Система направленных средств, упорядоченное целое называются правилом или нормой. Юм говорит: общее правило. У такого правила два полюса: форма и содержание, договор и собственность, система обычаев и стабильность владения. Быть в обществе означает, прежде всего, заменять насилие возможным договором: мышление каждого представляет в себе мышление других. Но при каких условиях? При том условии, что частные симпатии каждого превосходятся особым образом и преодолевают соответствующие пристрастия и противоречия, которые они рождают среди людей. При том условии, что естественная симпатия может искусственно проявляться вне своих естественных ограничений. Функция правила — задавать устойчивую общую точку зрения, прочную, трезвую, независимую от наличной ситуации.
Но при вынесении суждения о характерах единственный интерес или единственное удовольствие, которые тождественны для любого зрителя, — это либо интерес и удовольствие самого лица, обладающего указанным характером, либо удовольствие и интерес лиц, общающихся с ним.20
Несомненно, такой интерес затрагивает нас куда слабее, чем наш собственный или же интересы наших близких, равных нам и родственников; мы начинаем понимать, что интерес должен — из другого места — получать недостающую ему живость.

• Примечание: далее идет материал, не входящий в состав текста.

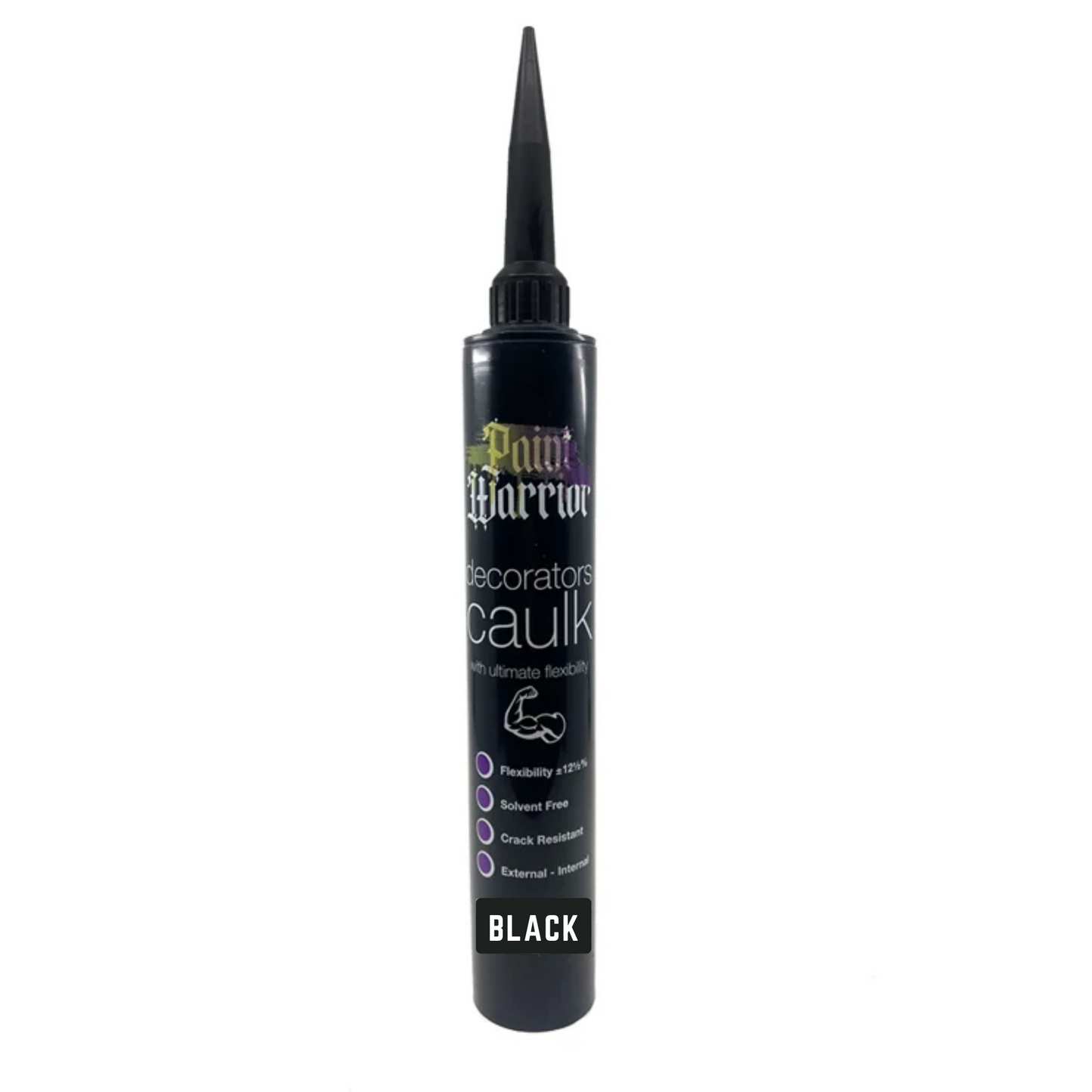 Paint Warrior Flexible Decorators Caulk Black 380ml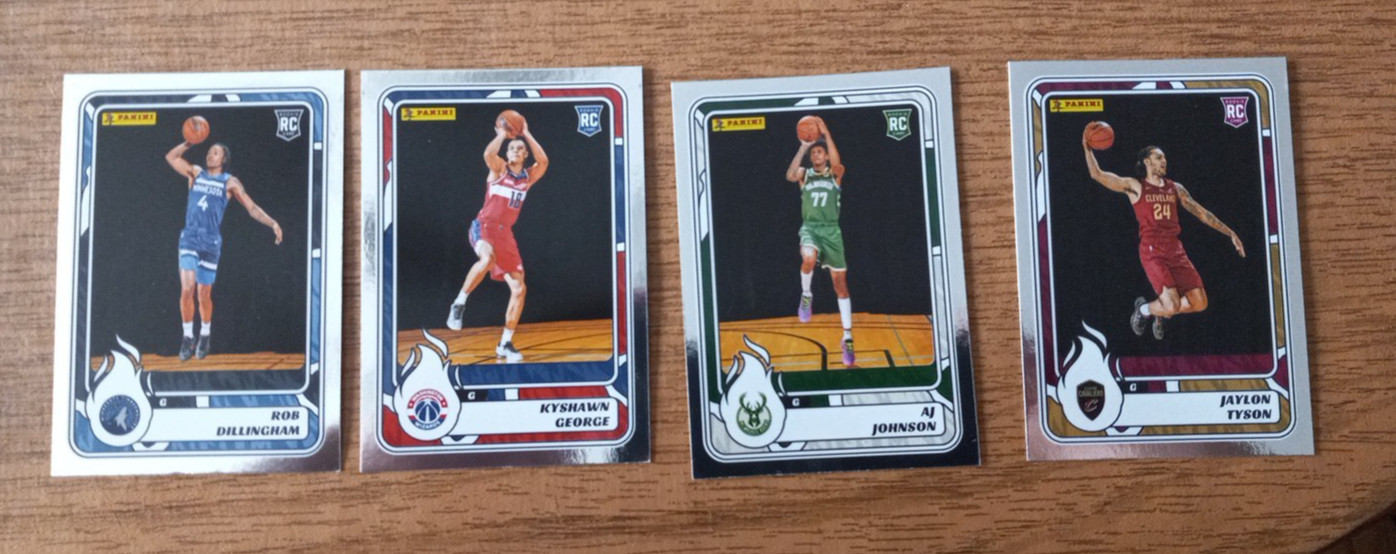 2024-25 Panini NBA Sticker INSERT BASE & PARALLEL Card Singles – Create Own Lot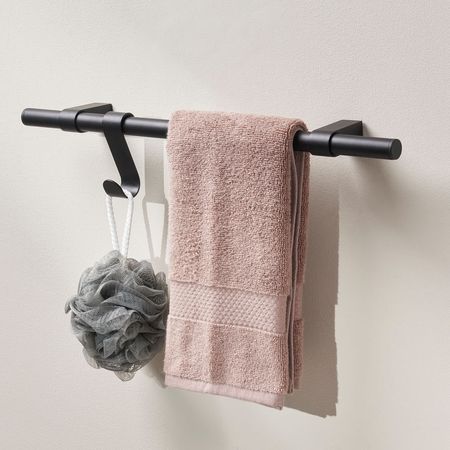 Set toallero barra + perchero Sensea 45cm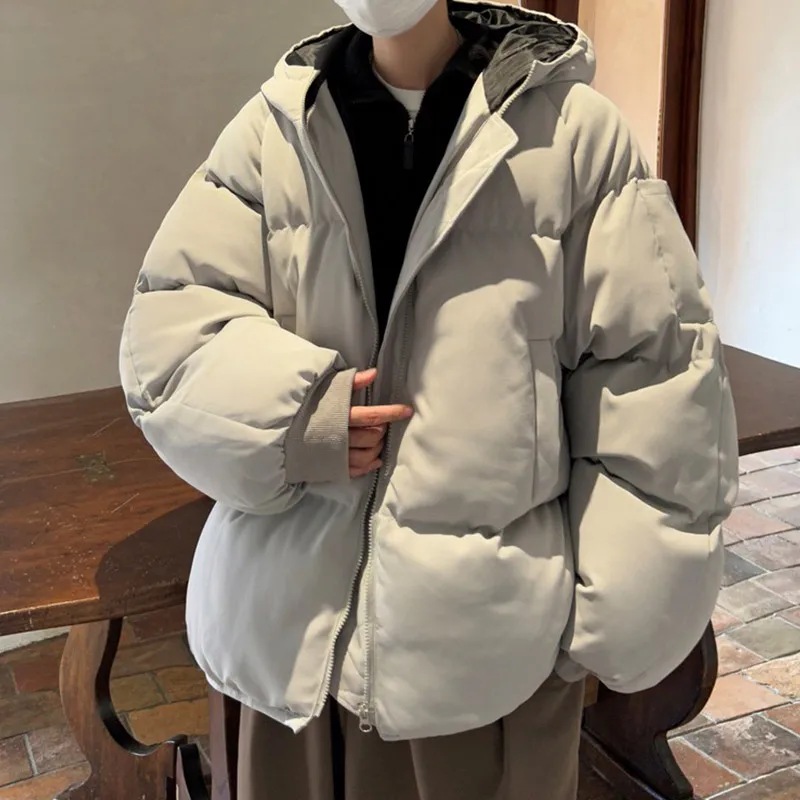 

Winter Jacket Men Parkas Thicken Warm Coat Mens Hooded Jackets Solid Color Parka Coat Men Fashion New Streetwear 2023 G14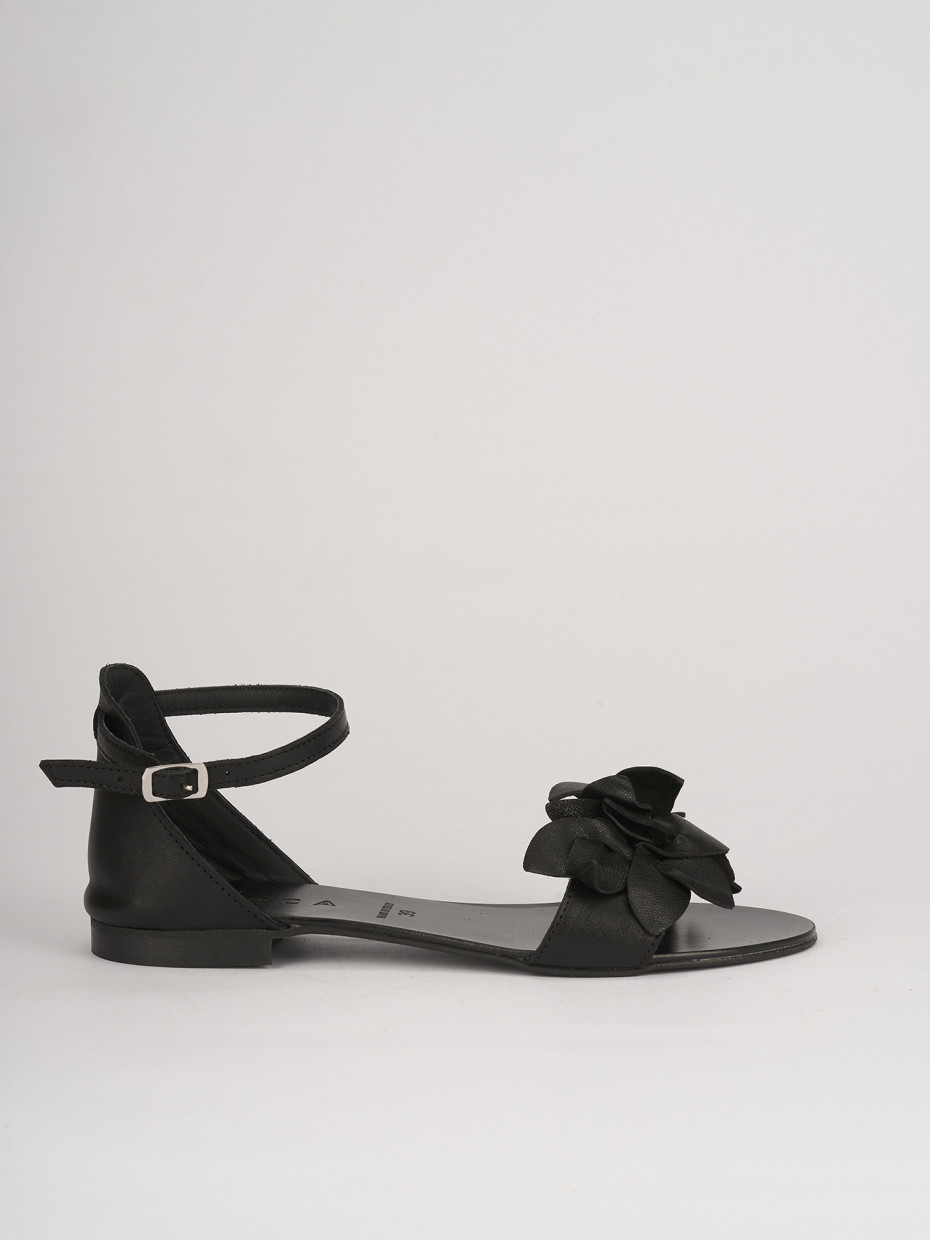sandalo tacco 1 cm nero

Но в конце концов, он обладает практическим преимуществом — даже когда он бессердечен — быть общим и незыблемым критерием, каким-то третьим интересом, независящим от собеседников, быть ценностью.21 Все то в человеческих поступках, что причиняет нам неудовольствие, именуется нами вообще Пороком.22
Итак, созданное таким образом обязательство, по существу отличается от естественного обязательства, естественного и частного интереса или побудительного мотива действия: оно — моральное обязательство или чувство долга. На другом же полюсе собственность предполагает аналогичные условия. «Я замечаю, что мне выгодно предоставлять другому человеку владение его собственностью при условии, что он будет действовать также по отношению ко мне».23 И здесь указанный третий интерес выступает как всеобщий интерес. Договор о собственности — это нечто искусственное, благодаря чему действия каждого соотносятся с действиями других. Такой договор есть установление схемы и института символической совокупности или целого. Итак, Юм видит в собственности по существу политический феномен — политический феномен по преимуществу. Собственность и договор наконец соединяются, формируя два сюжета общественной науки;24 общий смысл взаимного интереса должен быть выражен, чтобы стать действенным.25 Разум предстает здесь как договор собственников.

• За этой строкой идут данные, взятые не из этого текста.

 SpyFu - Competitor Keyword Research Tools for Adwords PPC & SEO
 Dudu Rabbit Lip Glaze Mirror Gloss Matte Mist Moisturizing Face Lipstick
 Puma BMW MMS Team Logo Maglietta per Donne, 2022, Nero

Из этих первых определений уже можно увидеть, что роль общего правила двунаправлена, она одновременно экстенсивная и коррективная. Общее правило корректирует наши чувства, заставляя нас пренебрегать наличным положением дел.26 Одновременно, по своей сущности, оно «выходит за пределы тех примеров, которые дали ему начало». Хотя чувство долга «проистекает исключительно из рассмотрения чужих поступков, однако мы все время распространяем его и на свои собственные поступки».27 Наконец, у этого правила есть и исключение; оно заставляет нас симпатизировать другому, даже тогда, когда тот в данной ситуации вообще не испытывают соответствующего чувства.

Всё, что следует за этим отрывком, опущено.